**WHAT YOU ARE ASKED TO DO**.
The output must start at the line containing "Building Photo - 16 Kenmar Dr Unit 123" in the records below and stop at the last line, matching each line exactly and leaving out every picture.

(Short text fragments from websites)
═══
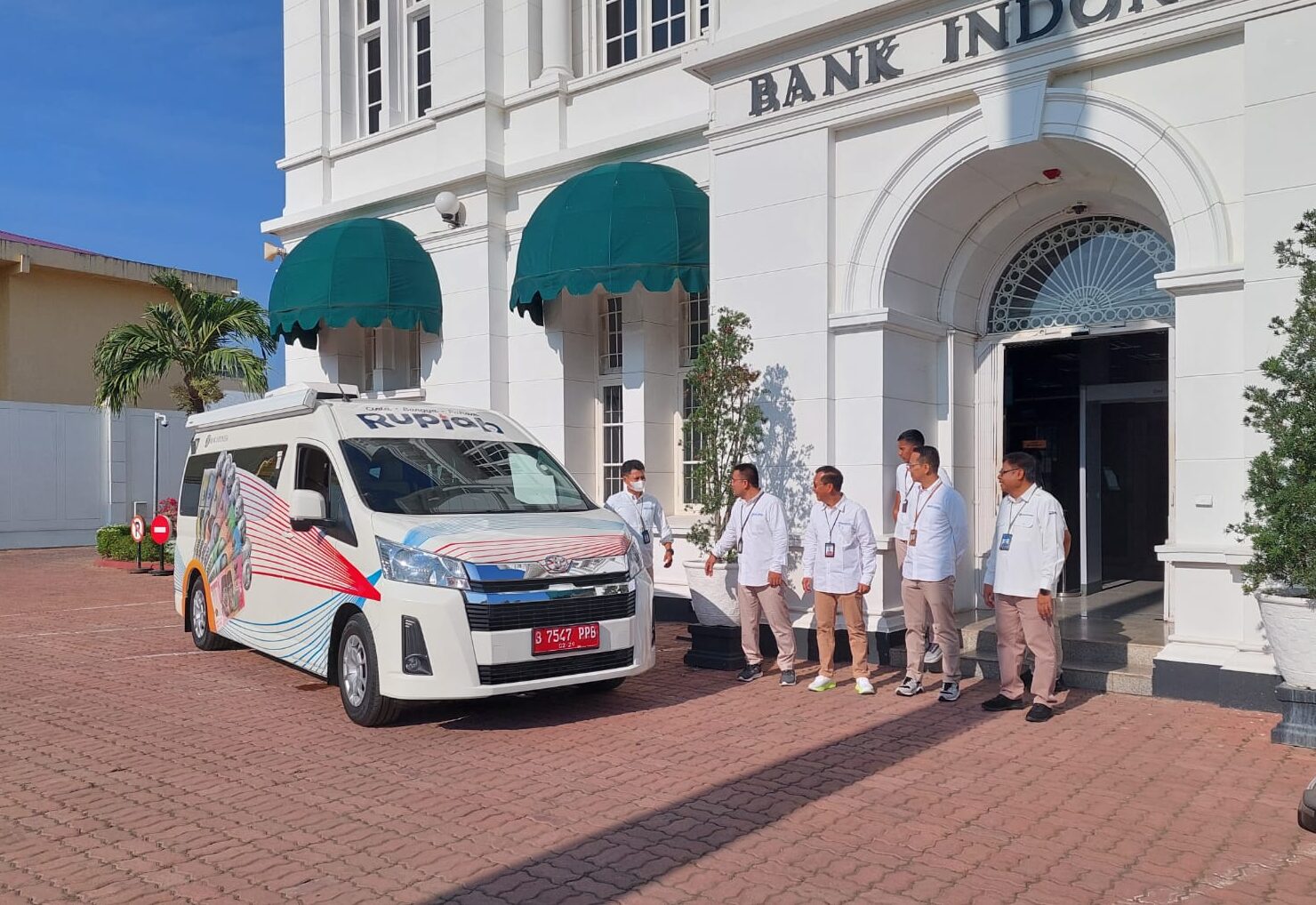 Pelepasan mobil kas keliling BI Aceh menuju Kabupaten Simeulue. (Foto: Nukilan/Rezi)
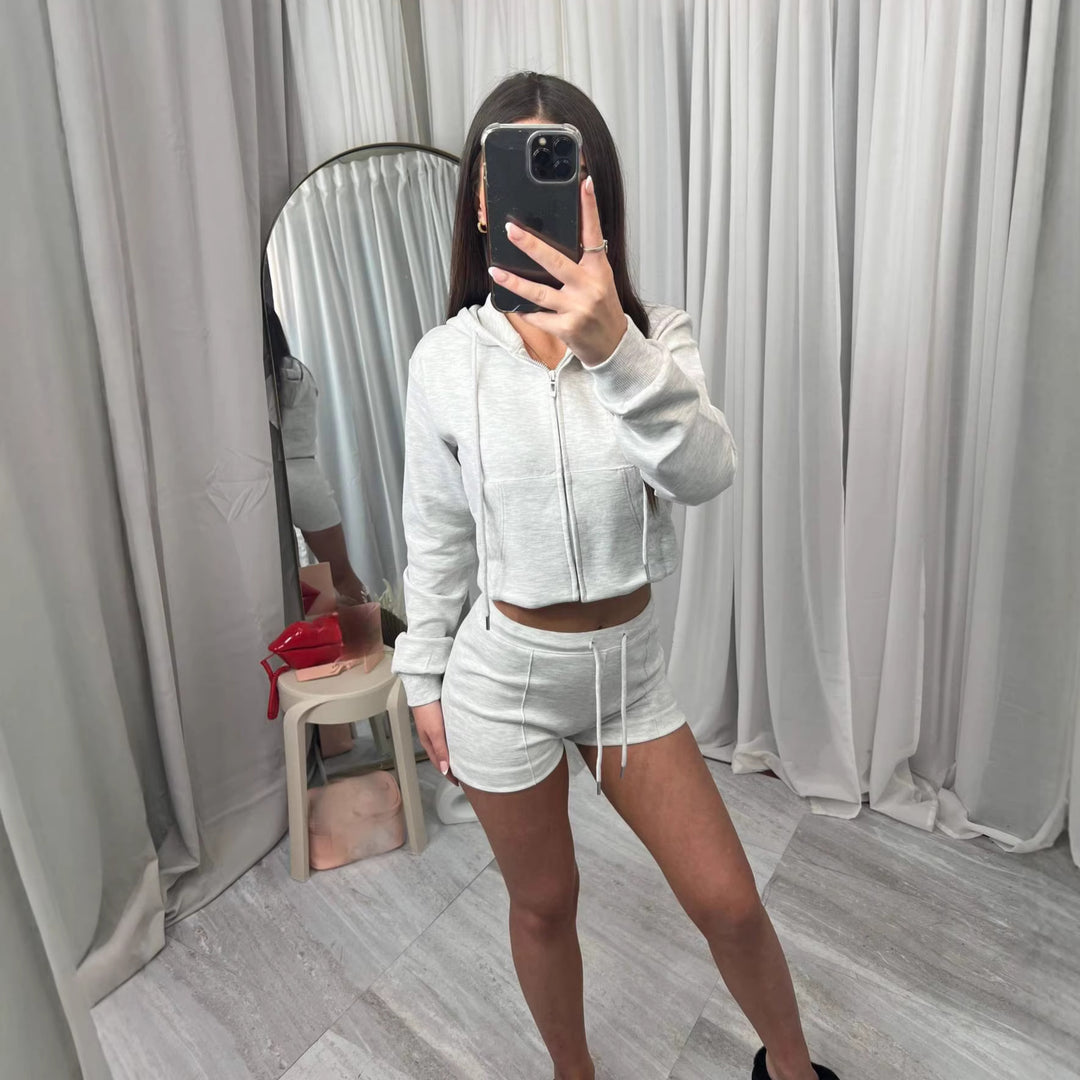 Kvinnors sportiga crop top och shorts set Mirla-Eva Jonsson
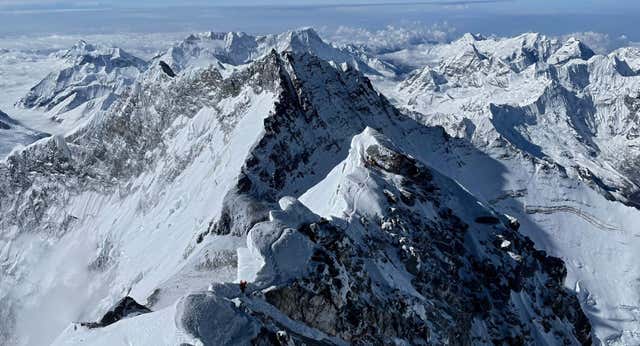 El hallazgo que puede cambiar la historia del alpinismo 100 años después
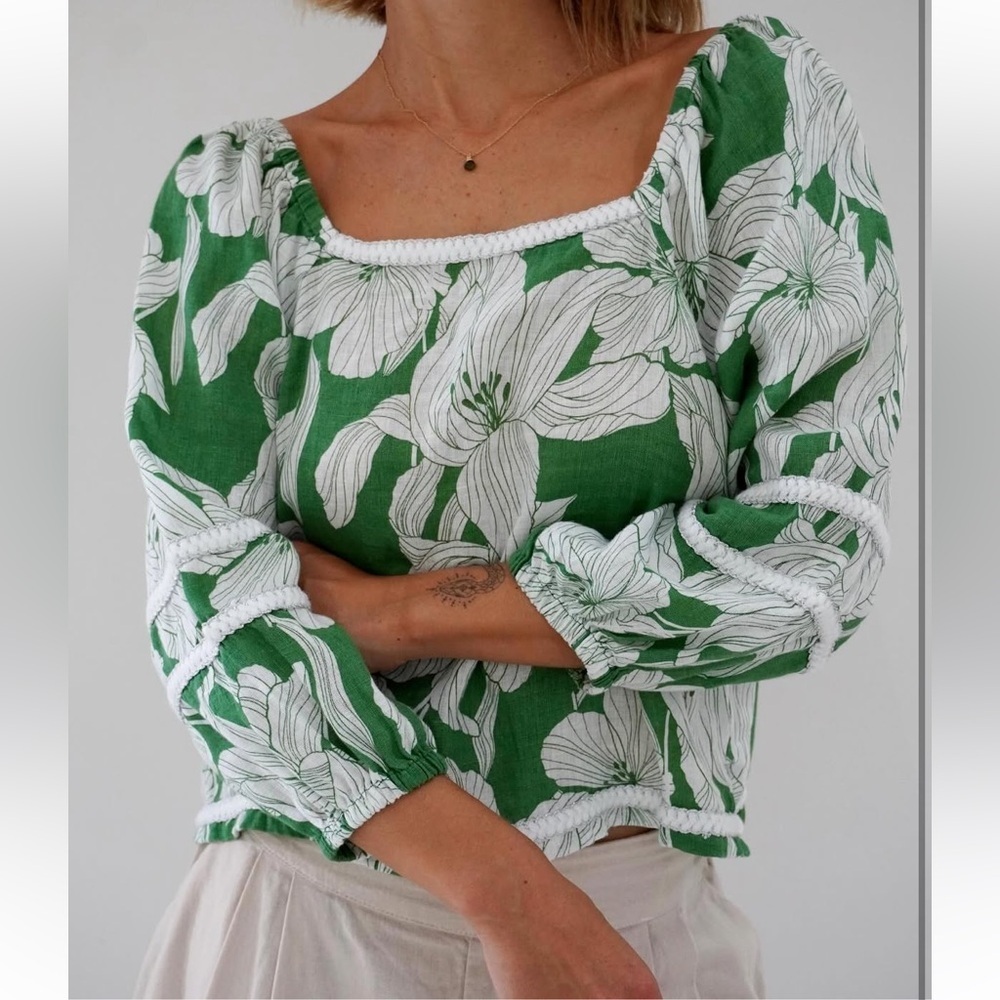 Tahari Linen White and Green Ruffled Blouse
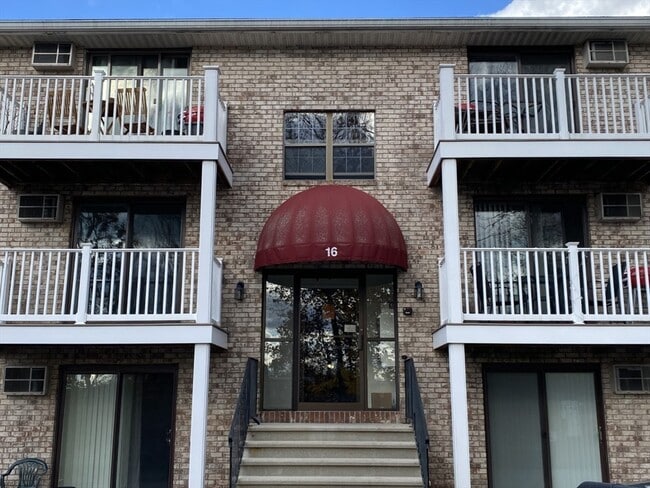 Building Photo - 16 Kenmar Dr Unit 123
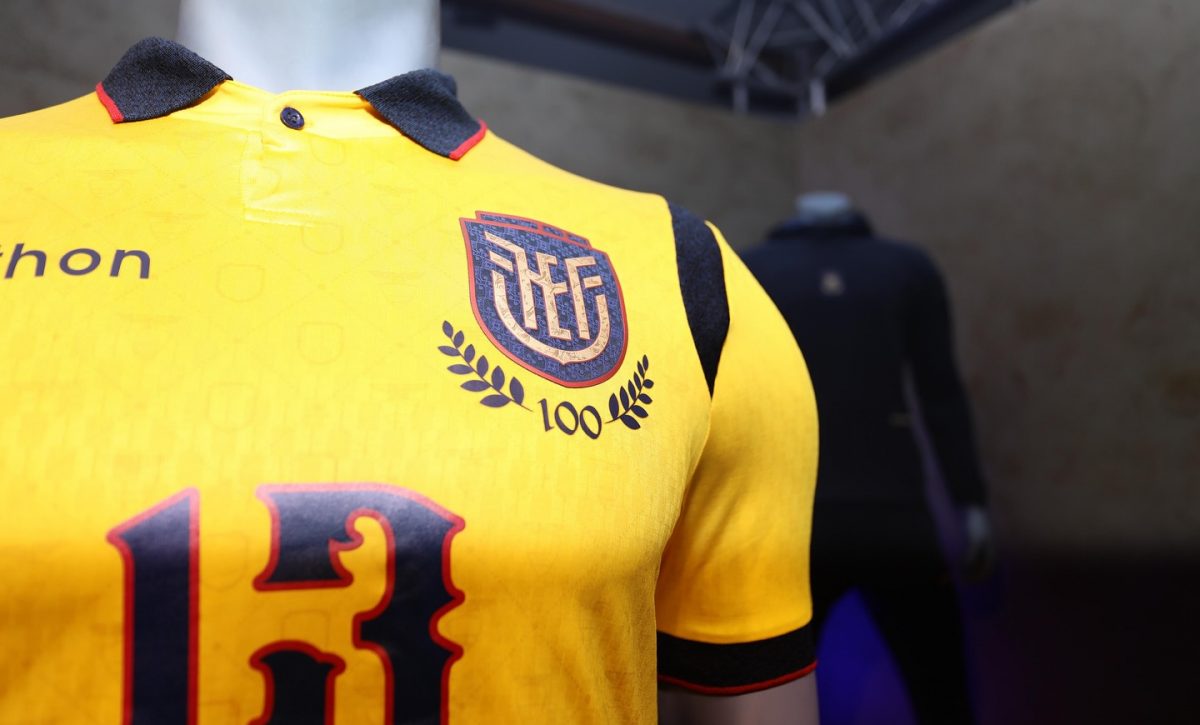 la-federacion-ecuatoriana-de-futbol-fef-conmemora-el-centenario-con-una-camiseta-especial-para-las-eliminatorias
═══
**TASK ANSWER**.
 Building Photo - 16 Kenmar Dr Unit 123
 la-federacion-ecuatoriana-de-futbol-fef-conmemora-el-centenario-con-una-camiseta-especial-para-las-eliminatorias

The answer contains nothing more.